|
|
- Restrictions:
Galileo's nodes are divided into two groups. Most of the cluster is made
up of "batch" nodes, but a few nodes are reserved as "login" nodes. When
you ssh into galileo, you'll automatically be connected to one of the
login nodes. Interactive logins are not allowed on the batch nodes.
To see which nodes are login nodes, use the command:
roles -t login
Long-running jobs are not allowed on the login nodes.(The limit
is currently two hours of CPU time.) As a job approaches that limit,
you'll be sent a warning by e-mail. After that limit has been exceeded,
the job will be killed, and you'll be notified by e-mail.

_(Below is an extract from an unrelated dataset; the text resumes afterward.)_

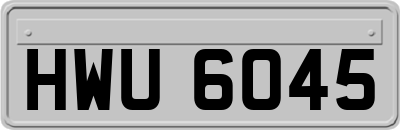 HWU6045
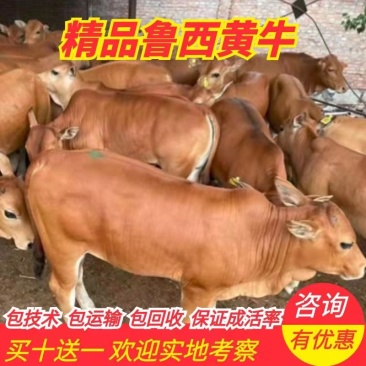 【肉牛】鲁西黄牛现货出售包成活包运输技术指买十送一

On all nodes, shorter jobs have a slightly higher priority. After
one hour of CPU time, a job's priority is lowered.
- Condor:
Long-running jobs should be run on the cluster's batch nodes. There
are several ways to do this, but it is best to use the Condor
batch queues. Condor distributes jobs around the cluster, attempting
to maximize throughput (i.e., the number of jobs completed per unit
time). In its simplest form, Condor will choose one of the least-loaded
CPUs in the cluster, and start running your job on that CPU. More
sophisticated users can configure their jobs so that Condor can
checkpoint the job (i.e., save its current state) and move the job
to a different CPU in response to changes in the load on the cluster.
See the condor manual at http://www.cs.wisc.edu/condor/manual/v6.8/ for complete information.
- The "run" Command:
On Galileo, the simplest way to submit a job to the Condor queue is
by using the "run" command. For example, say you have a program that
you can run interactively by typing "myprogram -a -b -c file.dat".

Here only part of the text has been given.